The James-Stein Estimator exemplifies the assertion that it is generally not possible to declare one estimator better than another. Which is better is application dependent. Less striking examples come from situations where the penalties (in terms of making a bad decision) resulting from different types of estimation errors (such as under-estimation or over-estimation) can vary considerably from application to application.

Usually, estimates serve to compress information. Their job is to extract from a large set of data the pertinent pieces of information required to make a good decision. For example, the receiving circuitry of a radar gathers a very large amount of information about what objects are around it, but in a form which is too difficult for humans to process manually. The familiar graphical display produced by a radar results from processing the received signal and extracting out the features we are interested in. Even in estimating the height of a tree, this is true. The full information is the complete sequence of images our eyes see as we look up at the tree; we compress this information into a single number (we hope is) related to the height of the tree.

Initially then, there is no role for estimation theory. We have data (also commonly referred to as observations) and we wish to make an informed decision. A standard and widely applicable framework for making decisions is to determine first how to measure the goodness of a decision and then endeavour to construct a decision rule (which takes as input the available data and outputs the recommended decision to make) which can be shown, in a probabilistic framework, to make good decisions the majority of the time. A key point is that theoretically, we should use all the data available to us if we wish to make the best decision possible. (Old habits die hard. It is tempting to reason thus: If I knew what the temperature will be tomorrow then I know what clothes to pack, therefore, I will base my decision on my “best guess” of tomorrow’s temperature. This is not only sub-optimal, it is also ill-posed because the only way to define what a “best guess” is, is by starting with the decision problem and working backwards.)

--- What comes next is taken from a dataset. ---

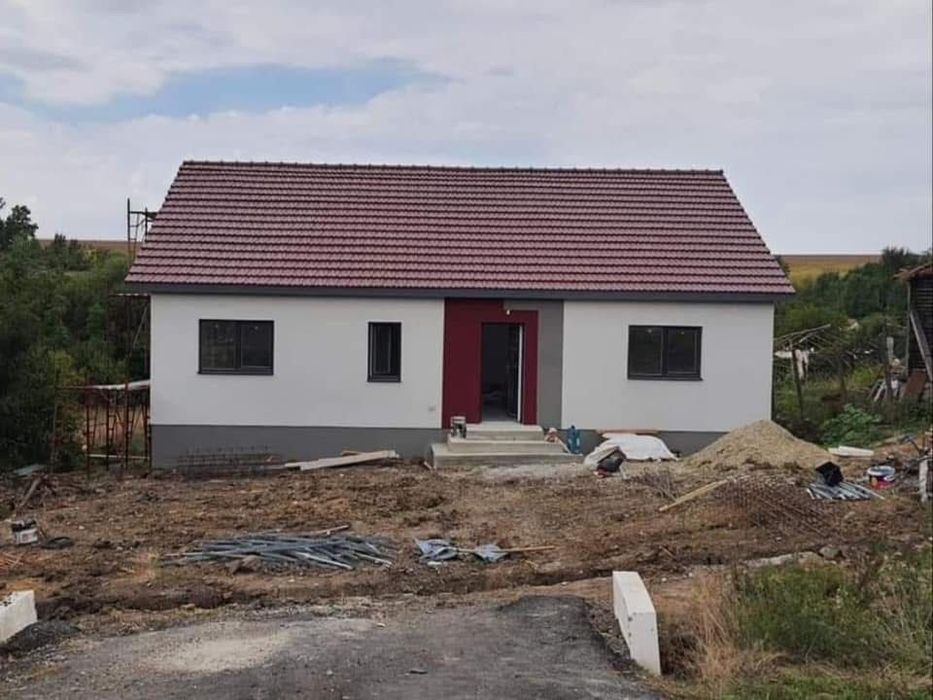 Casa, garaje auto, containere pe structura metalica si panou sandwich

There are two pertinent questions, one a special case of the other, caused by the undesirability of returning to the full set of data each time we wish to make another decision. (Imagine having to download the global weather observations and process them using a super-computer to decide what clothes to wear tomorrow, only to repeat this with a different decision-making algorithm to decide whether or not to water the garden.)

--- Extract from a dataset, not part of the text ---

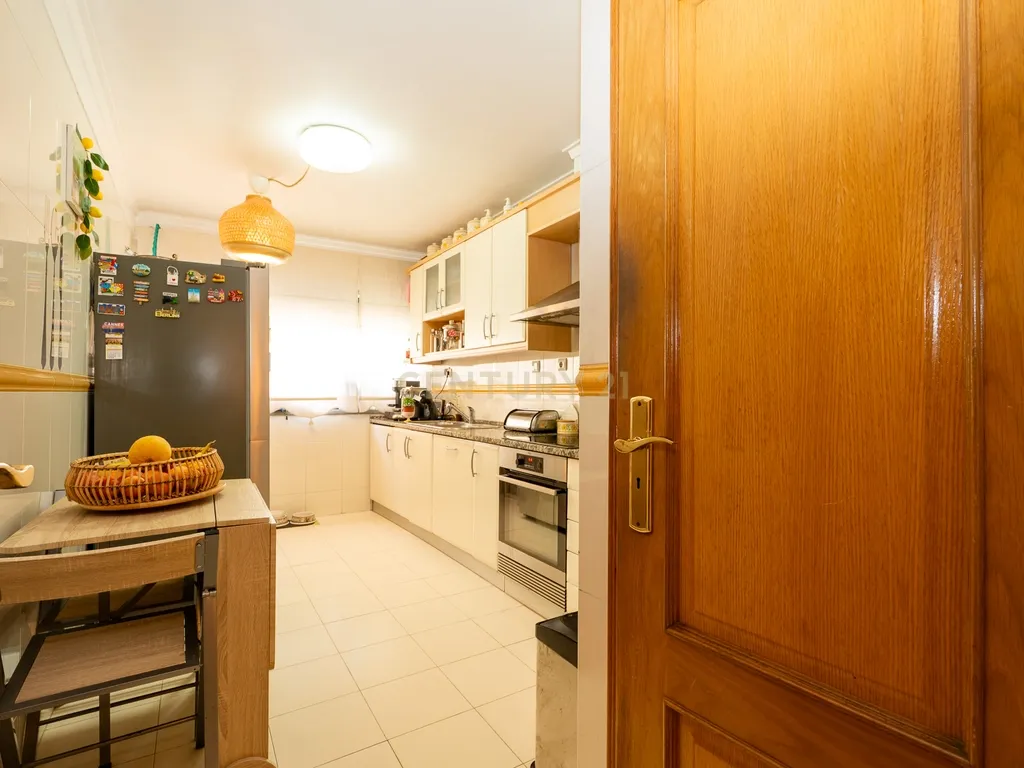 Apartamento T3 com Parqueamento – Quinta Nova, Odivelas - Image 11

- Is there a satisfactory (but perhaps sub-optimal) method for processing the data into a compact and more convenient form allowing for many different decisions to be made more easily by virtue of being based only on this compact summary of the original data?
- Are there any conditions under which the data can be processed into a more compact form without inducing a loss of optimality in any subsequent decision rule?

In fact, the mathematics used in estimation theory is precisely the mathematics required to answer the above two questions. The mathematics is the same, the results are the same, but the *interpretation* is different. The true role of estimation theory is to provide answers to these questions. There are many situations where it seems that this has been forgotten or is not known though.

The answer to the second question can be found in statistical textbooks under the heading of sufficient statistics. The rest of statistics, by and large, represents our endeavours to answer the first question. Indeed, we routinely go from data to an “estimator” to making a decision. When the Bureau of Meteorology forecasts tomorrow’s weather, they are doing precisely what is described in the first question.

In virtue of the above discussion, I advocate thinking of “estimators” as “approximate sufficient statistics”. They serve to answer the first question above when a sufficiently convenient sufficient statistic (the answer to the second question) cannot be found or does not exist.

By shifting from thinking in terms of “estimators” to “approximate sufficient statistics”, I hope to show in subsequent articles that this leads to clarity of thought.